Merge pull request #387 from splunk/feature/risk-model-validation

pyth0n1c · web-flow · commit df437ae6171b · 2025-04-29T16:27:01.000-07:00
Adding risk data model validation to integration testing
diff --git a/contentctl/objects/base_security_event.py b/contentctl/objects/base_security_event.py
@@ -0,0 +1,28 @@
+from abc import ABC, abstractmethod
+
+from pydantic import BaseModel, ConfigDict
+
+from contentctl.objects.detection import Detection
+
+
+class BaseSecurityEvent(BaseModel, ABC):
+    """
+    Base event class for a Splunk security event (e.g. risks and notables)
+    """
+
+    # The search name (e.g. "ESCU - Windows Modify Registry EnableLinkedConnections - Rule")
+    search_name: str
+
+    # The search ID that found that generated this event
+    orig_sid: str
+
+    # Allowing fields that aren't explicitly defined to be passed since some of the risk/notable
+    # event's fields vary depending on the SPL which generated them
+    model_config = ConfigDict(extra="allow")
+
+    @abstractmethod
+    def validate_against_detection(self, detection: Detection) -> None:
+        """
+        Validate this risk/notable event against the given detection
+        """
+        raise NotImplementedError()
diff --git a/contentctl/objects/correlation_search.py b/contentctl/objects/correlation_search.py
@@ -18,6 +18,7 @@
     format_pbar_string,  # type: ignore
 )
 from contentctl.helper.utils import Utils
+from contentctl.objects.base_security_event import BaseSecurityEvent
 from contentctl.objects.base_test_result import TestResultStatus
 from contentctl.objects.detection import Detection
 from contentctl.objects.errors import (
@@ -222,6 +223,9 @@ class CorrelationSearch(BaseModel):
     # The list of risk events found
     _risk_events: list[RiskEvent] | None = PrivateAttr(default=None)
 
+    # The list of risk data model events found
+    _risk_dm_events: list[BaseSecurityEvent] | None = PrivateAttr(default=None)
+
     # The list of notable events found
     _notable_events: list[NotableEvent] | None = PrivateAttr(default=None)
 
@@ -554,6 +558,13 @@ def get_risk_events(self, force_update: bool = False) -> list[RiskEvent]:
                         raise
                     events.append(event)

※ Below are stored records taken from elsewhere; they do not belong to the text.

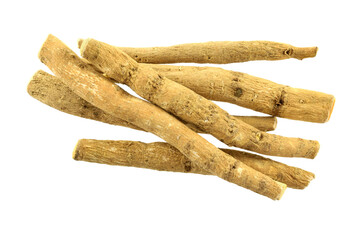 Ashwagandha Dry Root Medicinal Herb, also known as Withania Somnifera, Ashwagandha, Indian Ginseng, Poison Gooseberry, or Winter Cherry. Isolated on White Background.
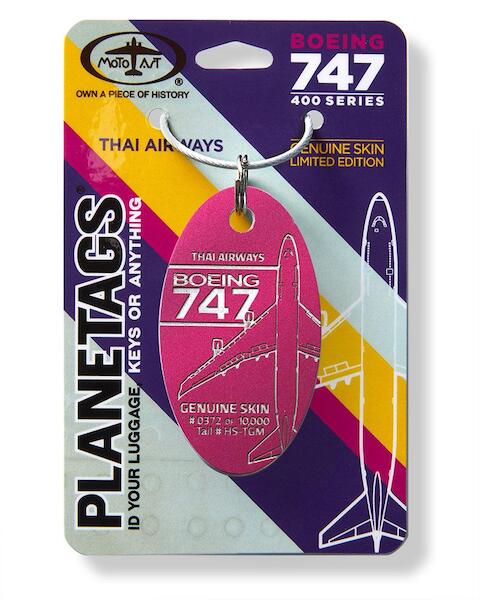 Keychain made of: Boeing 747 Thai Airways HS-TGM Magenta  B747 THAI MAG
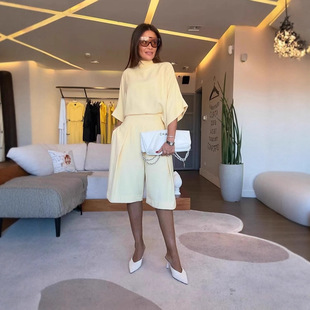 and casual shorts Solid 纯色上衣休闲高腰短裤 top 蝙蝠袖 color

                     self.logger.debug(f"Found risk event for '{self.name}': {event}")
+                else:
+                    msg = (
+                        f"Found event for unexpected index ({result['index']}) in our query "

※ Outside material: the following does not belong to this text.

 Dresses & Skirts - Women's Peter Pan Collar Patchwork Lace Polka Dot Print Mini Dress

+                        f"results (expected {Indexes.RISK_INDEX})"
+                    )
+                    self.logger.error(msg)
+                    raise ValueError(msg)
         except ServerError as e:
             self.logger.error(f"Error returned from Splunk instance: {e}")
             raise e
@@ -623,6 +634,13 @@ def get_notable_events(self, force_update: bool = False) -> list[NotableEvent]:
                         raise
                     events.append(event)
                     self.logger.debug(f"Found notable event for '{self.name}': {event}")
+                else:
+                    msg = (
+                        f"Found event for unexpected index ({result['index']}) in our query "
+                        f"results (expected {Indexes.NOTABLE_INDEX})"
+                    )
+                    self.logger.error(msg)
+                    raise ValueError(msg)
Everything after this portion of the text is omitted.